Machine learning, deep learning, AI…everybody seems to be discussing it, but what is machine learning actually about and what value does it bring? We have asked an independent AI and machine learning expert to help us understand this complex topic a bit better. Jonathan Prom Scharff is currently working on his own project with the aim of reducing the national energy consumption by leveraging the newest developments in machine learning. As a machine learning consultant, Jonathan can also be hired for machine learning projects in other sectors.
This is the standard question that people like to address at business-related conferences. Typically, it is followed by a slide saying “AI is the new electricity” and probably some quotes from a McKinsey-report saying that a huge percentage of jobs is going to be automated in the coming years. The speaker will then most likely look gravely at the audience and utter the feared words “if you don’t act now then it is a matter of time before you get disrupted”. While this is probably a good sales tactic – there’s nothing like fear to get people going – in my personal experience the everyday reality is quite different. Yes, Google, Facebook and the like are deploying machine learning solutions at a large scale. And, yes, a lot of jobs are undeniably going to be automated but, in my experience, most of the big firms use machine learning to a surprisingly limited degree. In cases where a machine learning solution is used, then it is usually either extremely simple – read borderline wrong – or extremely complex and not working very well.
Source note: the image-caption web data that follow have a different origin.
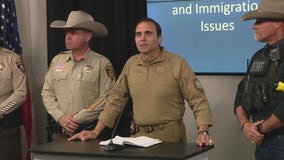 ‘We are a border state – we are most impacted’: Arizona sheriffs show united front on Title 42's end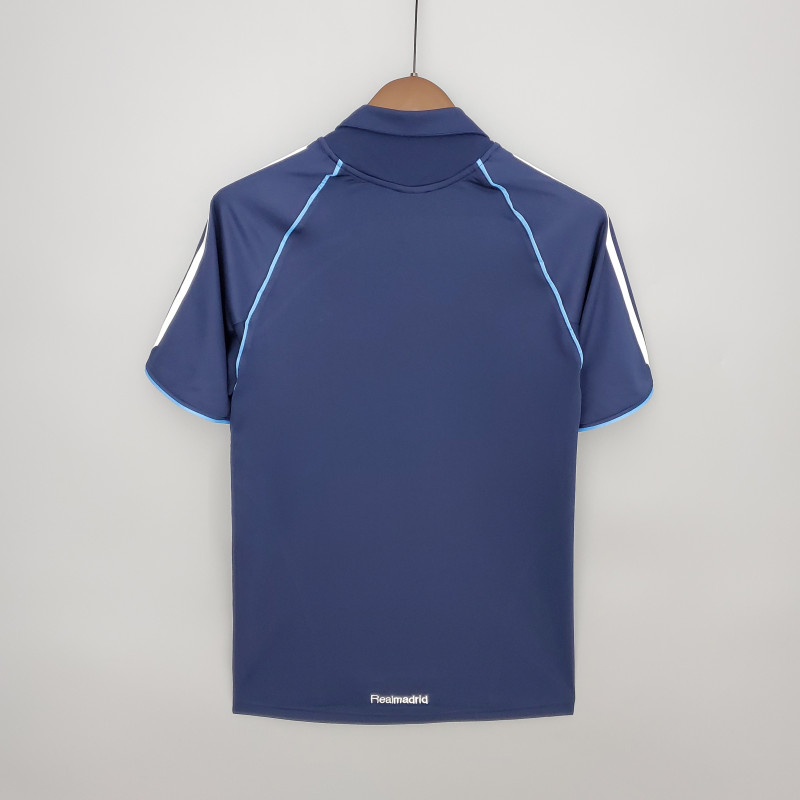 Retro 05/06 Real Madrid Away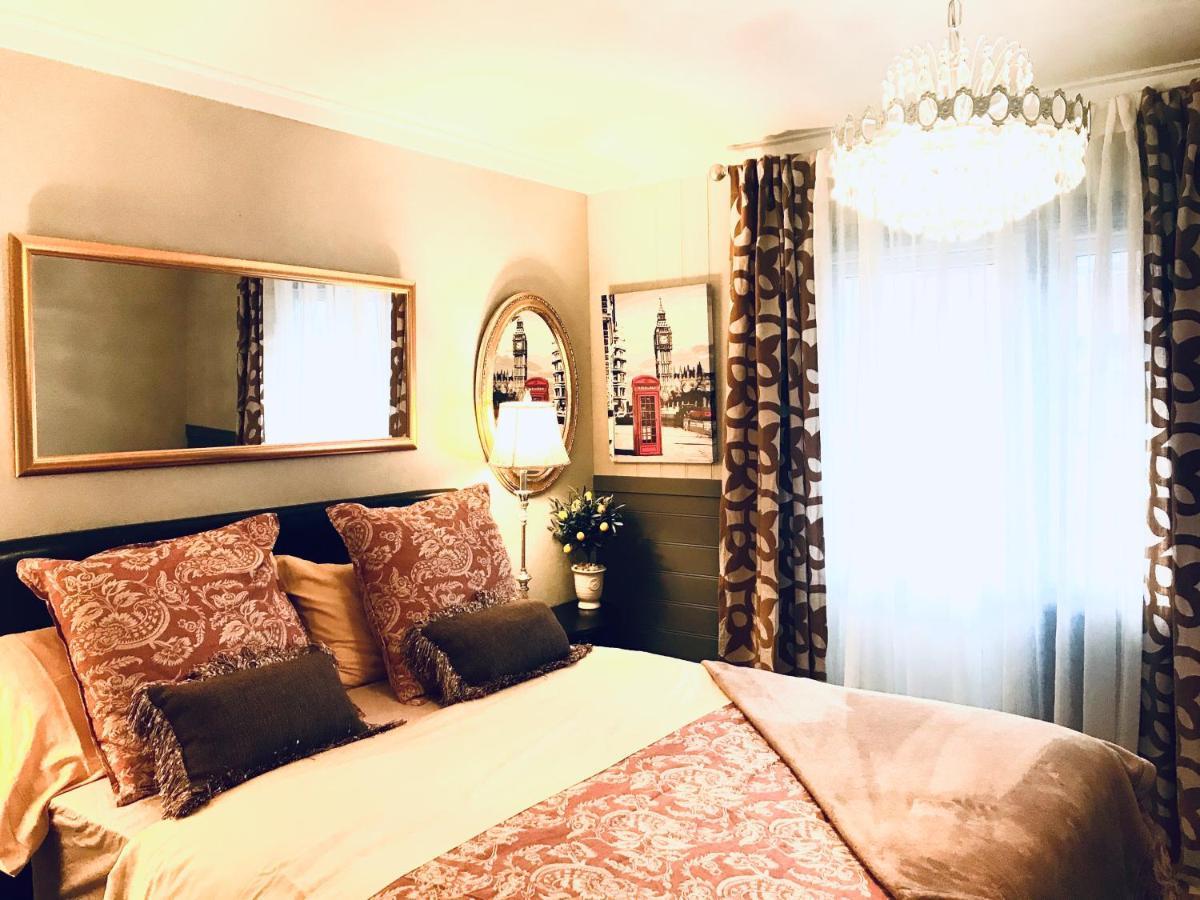 Apartments At The Sentrum Kristiansund Ngoại thất bức ảnh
So, either some intern quickly did something, without having a lot of knowledge, or the firm hired a bunch of PhD’s who implemented this state-of-the-art research paper from scratch. Both of these extremes tend to not work very well. The first for obvious reasons and the second because getting a machine learning solution to work is generally not a theoretical exercise. It’s really about getting the right data, rephrasing the problem so it fits into the standard machine learning toolbox and then just use the standard tools. So, to sum up, yes, machine learning is probably going to have a huge impact on many industries but, with a few exceptions, things aren’t moving that fast. And disrupting industries is really hard. Even if a startup had everything figured out, with regards to the machine learning part of things, then a startup would typically not have access to the data needed to getting the machine learning algorithms to work.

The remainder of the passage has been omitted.